(Records contained in a dataset)
+===+

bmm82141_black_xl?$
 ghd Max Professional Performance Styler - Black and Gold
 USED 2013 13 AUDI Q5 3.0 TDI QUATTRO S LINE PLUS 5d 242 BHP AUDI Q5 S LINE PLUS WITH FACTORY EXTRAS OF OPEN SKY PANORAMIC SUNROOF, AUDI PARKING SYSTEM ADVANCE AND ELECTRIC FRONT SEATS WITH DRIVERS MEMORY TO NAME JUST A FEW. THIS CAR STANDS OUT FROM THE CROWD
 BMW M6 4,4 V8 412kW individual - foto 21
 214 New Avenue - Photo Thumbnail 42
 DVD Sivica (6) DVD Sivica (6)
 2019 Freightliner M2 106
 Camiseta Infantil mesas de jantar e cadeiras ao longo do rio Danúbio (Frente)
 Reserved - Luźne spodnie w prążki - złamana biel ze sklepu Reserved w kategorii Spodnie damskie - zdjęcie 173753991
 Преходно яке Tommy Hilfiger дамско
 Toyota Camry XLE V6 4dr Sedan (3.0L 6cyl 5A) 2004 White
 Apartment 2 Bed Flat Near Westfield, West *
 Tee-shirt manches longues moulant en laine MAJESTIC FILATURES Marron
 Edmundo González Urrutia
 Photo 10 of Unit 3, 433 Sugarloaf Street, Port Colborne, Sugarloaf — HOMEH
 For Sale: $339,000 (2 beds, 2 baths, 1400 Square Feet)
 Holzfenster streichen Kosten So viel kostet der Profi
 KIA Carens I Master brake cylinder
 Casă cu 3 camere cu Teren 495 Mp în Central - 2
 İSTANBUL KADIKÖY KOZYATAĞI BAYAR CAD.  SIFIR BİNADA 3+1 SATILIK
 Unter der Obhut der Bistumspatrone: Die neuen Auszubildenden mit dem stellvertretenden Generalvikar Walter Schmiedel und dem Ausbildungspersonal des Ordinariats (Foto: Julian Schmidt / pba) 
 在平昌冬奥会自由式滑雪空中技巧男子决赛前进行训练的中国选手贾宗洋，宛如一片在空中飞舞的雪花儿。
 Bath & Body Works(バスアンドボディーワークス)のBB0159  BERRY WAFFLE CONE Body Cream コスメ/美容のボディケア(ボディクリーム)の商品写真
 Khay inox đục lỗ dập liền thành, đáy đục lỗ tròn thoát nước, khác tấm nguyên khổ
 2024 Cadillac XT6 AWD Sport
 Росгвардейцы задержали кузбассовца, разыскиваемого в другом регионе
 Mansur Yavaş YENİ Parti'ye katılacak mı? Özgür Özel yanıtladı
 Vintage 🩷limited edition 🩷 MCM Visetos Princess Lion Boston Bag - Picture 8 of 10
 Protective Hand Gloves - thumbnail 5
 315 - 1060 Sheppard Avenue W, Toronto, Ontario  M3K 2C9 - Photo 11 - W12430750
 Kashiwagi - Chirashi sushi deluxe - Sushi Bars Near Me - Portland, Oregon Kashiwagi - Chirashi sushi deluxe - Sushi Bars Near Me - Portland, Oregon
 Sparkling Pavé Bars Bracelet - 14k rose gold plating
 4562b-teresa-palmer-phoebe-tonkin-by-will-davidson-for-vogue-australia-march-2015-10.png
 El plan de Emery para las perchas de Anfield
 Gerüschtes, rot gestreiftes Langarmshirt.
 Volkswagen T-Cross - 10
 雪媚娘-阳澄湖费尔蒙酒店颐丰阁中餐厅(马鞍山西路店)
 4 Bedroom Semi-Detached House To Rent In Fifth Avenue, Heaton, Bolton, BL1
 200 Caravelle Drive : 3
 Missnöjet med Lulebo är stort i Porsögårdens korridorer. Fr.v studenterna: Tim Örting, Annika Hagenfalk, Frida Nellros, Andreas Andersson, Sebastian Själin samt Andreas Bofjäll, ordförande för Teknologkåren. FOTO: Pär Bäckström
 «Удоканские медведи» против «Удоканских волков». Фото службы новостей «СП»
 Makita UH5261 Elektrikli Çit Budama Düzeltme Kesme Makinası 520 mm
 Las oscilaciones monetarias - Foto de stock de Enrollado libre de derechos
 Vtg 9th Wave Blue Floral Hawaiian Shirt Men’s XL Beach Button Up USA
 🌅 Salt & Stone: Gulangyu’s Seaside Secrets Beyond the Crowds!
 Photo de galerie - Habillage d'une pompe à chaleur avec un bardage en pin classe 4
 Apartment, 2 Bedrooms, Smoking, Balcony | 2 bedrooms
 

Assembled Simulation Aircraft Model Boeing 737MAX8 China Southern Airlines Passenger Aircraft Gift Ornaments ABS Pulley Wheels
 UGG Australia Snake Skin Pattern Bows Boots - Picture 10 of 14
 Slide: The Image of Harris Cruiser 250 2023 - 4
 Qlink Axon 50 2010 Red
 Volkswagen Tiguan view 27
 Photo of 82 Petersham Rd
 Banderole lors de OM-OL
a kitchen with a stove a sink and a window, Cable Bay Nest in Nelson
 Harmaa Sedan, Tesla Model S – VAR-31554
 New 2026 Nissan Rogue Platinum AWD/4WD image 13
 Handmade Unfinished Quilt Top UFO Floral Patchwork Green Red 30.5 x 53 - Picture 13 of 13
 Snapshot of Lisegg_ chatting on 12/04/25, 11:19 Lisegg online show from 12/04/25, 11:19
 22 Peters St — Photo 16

+===+

### ABOUT THIS EXERCISE
What is needed is an exact copy of all the data above.

### OUTPUT FOR THIS EXERCISE
bmm82141_black_xl?$
 ghd Max Professional Performance Styler - Black and Gold
 USED 2013 13 AUDI Q5 3.0 TDI QUATTRO S LINE PLUS 5d 242 BHP AUDI Q5 S LINE PLUS WITH FACTORY EXTRAS OF OPEN SKY PANORAMIC SUNROOF, AUDI PARKING SYSTEM ADVANCE AND ELECTRIC FRONT SEATS WITH DRIVERS MEMORY TO NAME JUST A FEW. THIS CAR STANDS OUT FROM THE CROWD
 BMW M6 4,4 V8 412kW individual - foto 21
 214 New Avenue - Photo Thumbnail 42
 DVD Sivica (6) DVD Sivica (6)
 2019 Freightliner M2 106
 Camiseta Infantil mesas de jantar e cadeiras ao longo do rio Danúbio (Frente)
 Reserved - Luźne spodnie w prążki - złamana biel ze sklepu Reserved w kategorii Spodnie damskie - zdjęcie 173753991
 Преходно яке Tommy Hilfiger дамско
 Toyota Camry XLE V6 4dr Sedan (3.0L 6cyl 5A) 2004 White
 Apartment 2 Bed Flat Near Westfield, West *
 Tee-shirt manches longues moulant en laine MAJESTIC FILATURES Marron
 Edmundo González Urrutia
 Photo 10 of Unit 3, 433 Sugarloaf Street, Port Colborne, Sugarloaf — HOMEH
 For Sale: $339,000 (2 beds, 2 baths, 1400 Square Feet)
 Holzfenster streichen Kosten So viel kostet der Profi
 KIA Carens I Master brake cylinder
 Casă cu 3 camere cu Teren 495 Mp în Central - 2
 İSTANBUL KADIKÖY KOZYATAĞI BAYAR CAD.  SIFIR BİNADA 3+1 SATILIK
 Unter der Obhut der Bistumspatrone: Die neuen Auszubildenden mit dem stellvertretenden Generalvikar Walter Schmiedel und dem Ausbildungspersonal des Ordinariats (Foto: Julian Schmidt / pba) 
 在平昌冬奥会自由式滑雪空中技巧男子决赛前进行训练的中国选手贾宗洋，宛如一片在空中飞舞的雪花儿。
 Bath & Body Works(バスアンドボディーワークス)のBB0159  BERRY WAFFLE CONE Body Cream コスメ/美容のボディケア(ボディクリーム)の商品写真
 Khay inox đục lỗ dập liền thành, đáy đục lỗ tròn thoát nước, khác tấm nguyên khổ
 2024 Cadillac XT6 AWD Sport
 Росгвардейцы задержали кузбассовца, разыскиваемого в другом регионе
 Mansur Yavaş YENİ Parti'ye katılacak mı? Özgür Özel yanıtladı
 Vintage 🩷limited edition 🩷 MCM Visetos Princess Lion Boston Bag - Picture 8 of 10
 Protective Hand Gloves - thumbnail 5
 315 - 1060 Sheppard Avenue W, Toronto, Ontario  M3K 2C9 - Photo 11 - W12430750
 Kashiwagi - Chirashi sushi deluxe - Sushi Bars Near Me - Portland, Oregon Kashiwagi - Chirashi sushi deluxe - Sushi Bars Near Me - Portland, Oregon
 Sparkling Pavé Bars Bracelet - 14k rose gold plating
 4562b-teresa-palmer-phoebe-tonkin-by-will-davidson-for-vogue-australia-march-2015-10.png
 El plan de Emery para las perchas de Anfield
 Gerüschtes, rot gestreiftes Langarmshirt.
 Volkswagen T-Cross - 10
 雪媚娘-阳澄湖费尔蒙酒店颐丰阁中餐厅(马鞍山西路店)
 4 Bedroom Semi-Detached House To Rent In Fifth Avenue, Heaton, Bolton, BL1
 200 Caravelle Drive : 3
 Missnöjet med Lulebo är stort i Porsögårdens korridorer. Fr.v studenterna: Tim Örting, Annika Hagenfalk, Frida Nellros, Andreas Andersson, Sebastian Själin samt Andreas Bofjäll, ordförande för Teknologkåren. FOTO: Pär Bäckström
 «Удоканские медведи» против «Удоканских волков». Фото службы новостей «СП»
 Makita UH5261 Elektrikli Çit Budama Düzeltme Kesme Makinası 520 mm
 Las oscilaciones monetarias - Foto de stock de Enrollado libre de derechos
 Vtg 9th Wave Blue Floral Hawaiian Shirt Men’s XL Beach Button Up USA
 🌅 Salt & Stone: Gulangyu’s Seaside Secrets Beyond the Crowds!
 Photo de galerie - Habillage d'une pompe à chaleur avec un bardage en pin classe 4
 Apartment, 2 Bedrooms, Smoking, Balcony | 2 bedrooms
 

Assembled Simulation Aircraft Model Boeing 737MAX8 China Southern Airlines Passenger Aircraft Gift Ornaments ABS Pulley Wheels
 UGG Australia Snake Skin Pattern Bows Boots - Picture 10 of 14
 Slide: The Image of Harris Cruiser 250 2023 - 4
 Qlink Axon 50 2010 Red
 Volkswagen Tiguan view 27
 Photo of 82 Petersham Rd
 Banderole lors de OM-OL
a kitchen with a stove a sink and a window, Cable Bay Nest in Nelson
 Harmaa Sedan, Tesla Model S – VAR-31554
 New 2026 Nissan Rogue Platinum AWD/4WD image 13
 Handmade Unfinished Quilt Top UFO Floral Patchwork Green Red 30.5 x 53 - Picture 13 of 13
 Snapshot of Lisegg_ chatting on 12/04/25, 11:19 Lisegg online show from 12/04/25, 11:19
 22 Peters St — Photo 16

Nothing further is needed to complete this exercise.